Butz also emphasizes that “toxic homophobia (Aaron) was raised.” The Broadway star believes that and football weighed heavily on him. “His sexuality was, I think, fluid, but the hypermasculine culture of football and his Puerto Rican father really demonized that whole part of him. It created a lot of fear, a lot of uncertainty, (and) paranoia.”

Jaylen Barron as Shayanna Jenkins, Josh Rivera as Aaron Hernandez.

Michael Parmelee/FX

According to Foxworth, the greater visibility of Shayanna Jenkins (Jaylen Barron), the mother of his daughter and his fiancée, who added Hernandez to her last name before his death, sheds light on Hernandez in episode five. “I think when we do stories like this that are based on a true story, you have to have people representing different parts of the story.
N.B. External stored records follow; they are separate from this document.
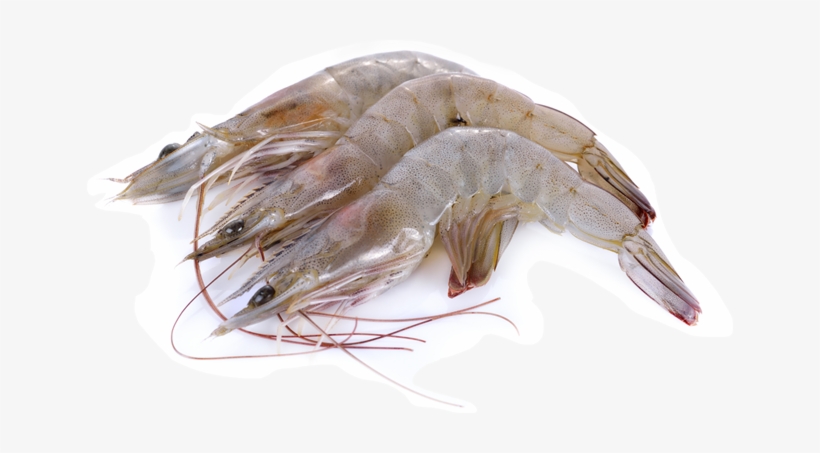 Shrimp - Vannamei Hoso - Free Transparent Png Download - Pngkey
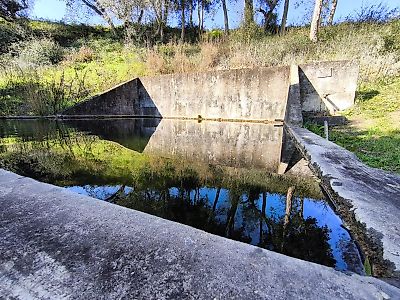 Terreno à venda em Brogueira, Parceiros de Igreja e Alcorochel, Torres Novas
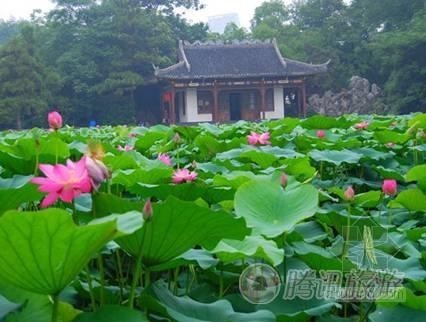 南京明发珍珠泉大酒店资料下载-端午佳节南京景区待客突破百万人次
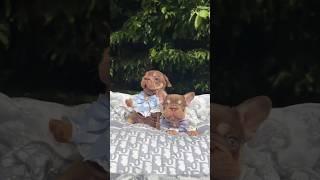 ФРАНЦУЗСКИЙ БУЛЬДОГ  Big Rope? Конечно. Rojo Tan? Естественно. Перлы на шее? Без вопросов. 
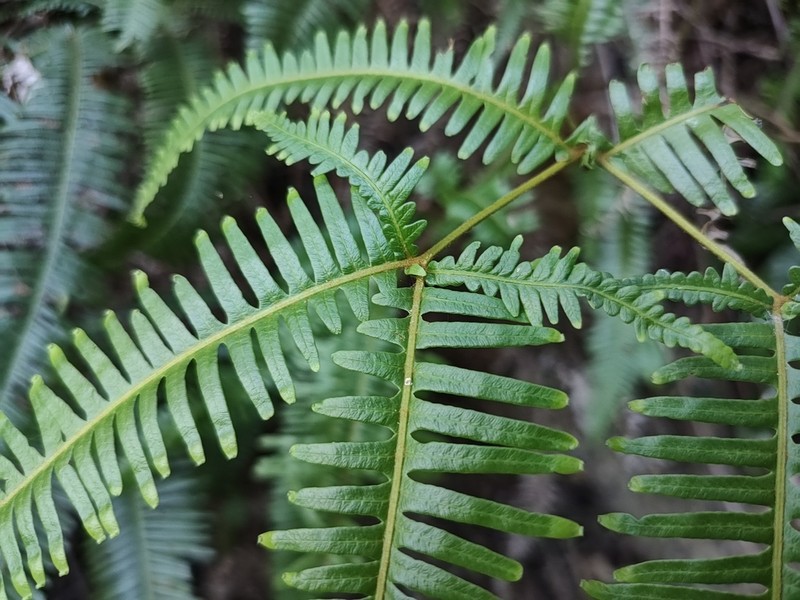 Dicranopteris subpectinata photo 7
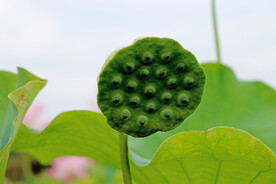 莲蓬莲子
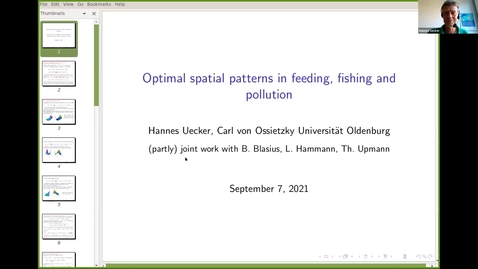 Thumbnail for Hannes Uecker, Oldenburg University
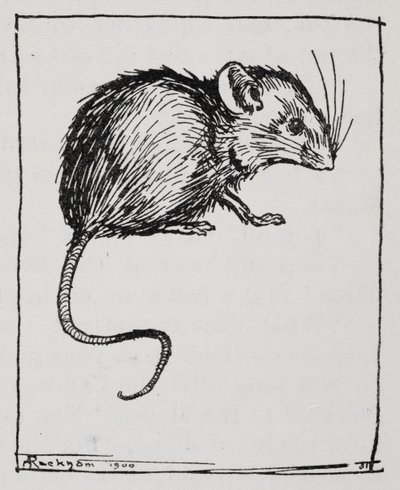 En mus af Arthur Rackham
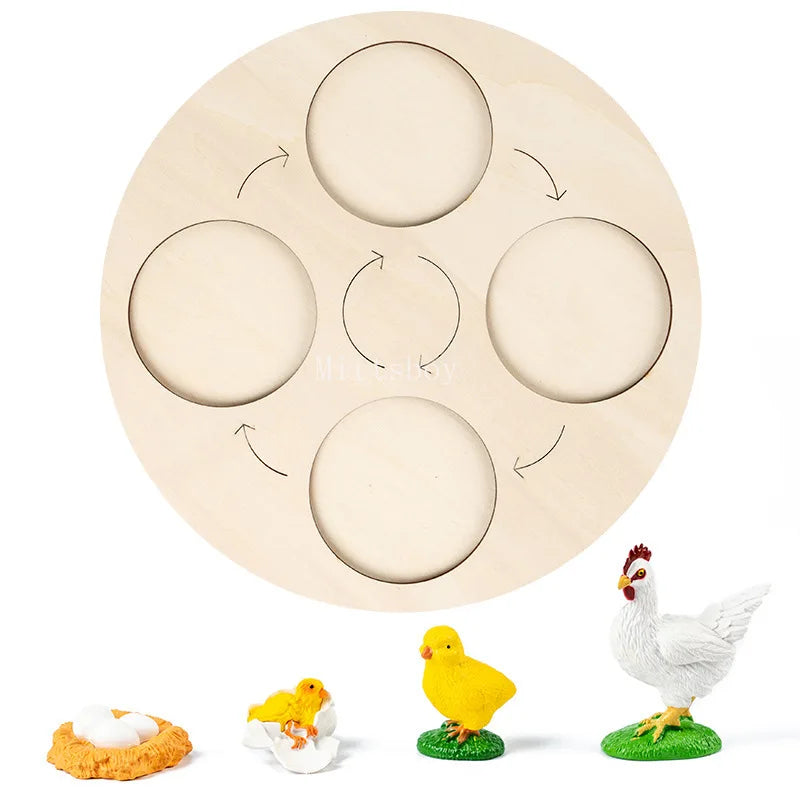 Montessori Animals and insects Life Cycle Wooden Board Set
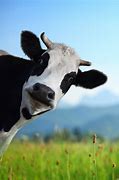Image result for Funny Cow Smiling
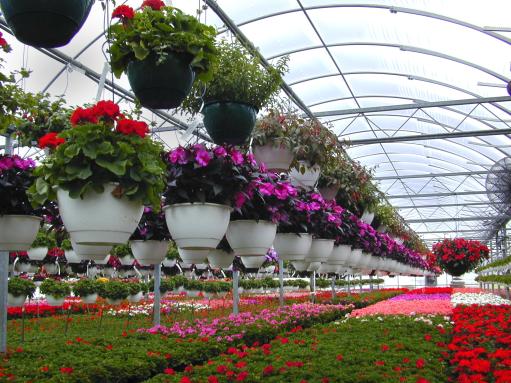 Արտերկրում աճել է Հայաստանում աճեցվող ծաղիկների պահանջարկը.  2022-ին 51 տոննա արտահանվել է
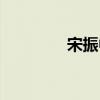 宋振中（關于宋振中介紹）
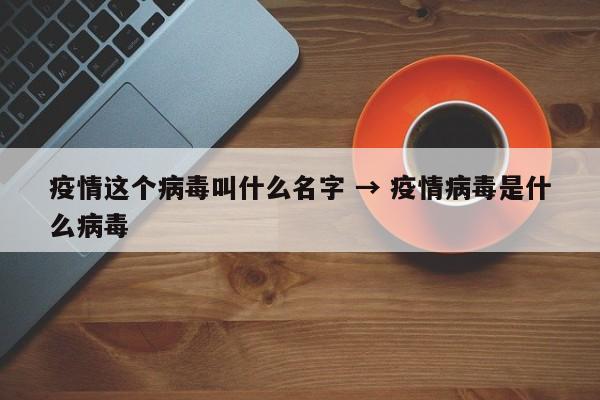 疫情这个病毒叫什么名字 → 疫情病毒是什么病毒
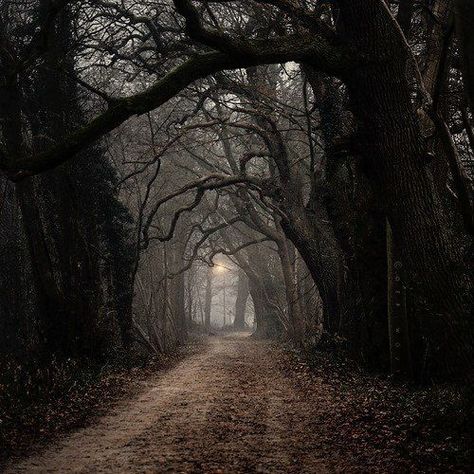 hollow path england | dark forest castle gothic Middle Ages | via Tumblr on We Heart It: The ... Inkheart Aesthetic, Over The Garden Wall, Season Of The Witch, Sleepy Hollow, Dirt Road, Dark Academia Aesthetic, Autumn Aesthetic, Book Ideas, Dark Forest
There are so many forks in the road that Aaron's life takes different paths. And I think Shay should represent someone else,” he explains. “I think one of the best things about having Shay there is that it shows that even the person closest to him because of his life can never be fully himself, even if he's not with anyone, Not even with the mother of his daughter.”

To become Belichick, Butz had to put on makeup for four hours. “Ryan Murphy is known for working with some of the best makeup and hair designers in the industry. Out of The OJ story To VersaceThey're just brilliant at creating that doppelganger effect. For me it was a long process. I think I (of course) share certain (characteristics). Belichick and I are actually sons of first-generation European immigrants. He is Croatian; My father comes from Germany. Because the guy has been a coach his whole life and spent his whole life on the football field, he has this really great, weathered face with these thick lines. So we had to do a lot of work to give texture to the entire skin. He has such thin hair, so we went bald and wore a wig over it. He's not a big guy, but he's very broad-shouldered, very thick in the shoulders, and so am I, but they even had to add 30 extra pounds to me.
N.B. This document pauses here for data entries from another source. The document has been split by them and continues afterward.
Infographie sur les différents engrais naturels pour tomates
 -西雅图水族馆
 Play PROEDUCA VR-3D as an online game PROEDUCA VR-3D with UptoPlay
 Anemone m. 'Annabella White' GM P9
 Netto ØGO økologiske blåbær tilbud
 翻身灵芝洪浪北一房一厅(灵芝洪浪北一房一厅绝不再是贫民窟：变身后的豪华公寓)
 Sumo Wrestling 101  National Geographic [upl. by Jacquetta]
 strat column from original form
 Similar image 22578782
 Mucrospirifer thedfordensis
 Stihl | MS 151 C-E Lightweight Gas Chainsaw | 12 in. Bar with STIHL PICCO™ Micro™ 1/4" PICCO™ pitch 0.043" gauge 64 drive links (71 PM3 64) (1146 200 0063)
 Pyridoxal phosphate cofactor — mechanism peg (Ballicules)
“It was a lot to go through,” he continues. “And some days it’s really bad when you get called out at 3 a.m. But they're so good at what they do, you look in the mirror and think, 'Oh, let's just start shooting!'”

And while Butz worked on his scowl for Belichick, he feels the real challenge was making the future Pro Football Hall of Fame coach's mumbled, garbled speech audible, and credits the sound department for overcoming that huge one Hurdle.

“It’s a fair look at Belichick, but it’s a critical one,” says newly converted football fan Butz. “I don’t think it’s anything personal for Belichick; We're talking about something in the DNA of the league, the sport. Hopefully this show and what many sports journalists write about and what we know from many medical studies can improve. We can play America’s biggest sport and protect the athletes.”

American Sports History: Aaron Hernandez releases new episodes on FX and Hulu on Tuesdays at 10 p.m.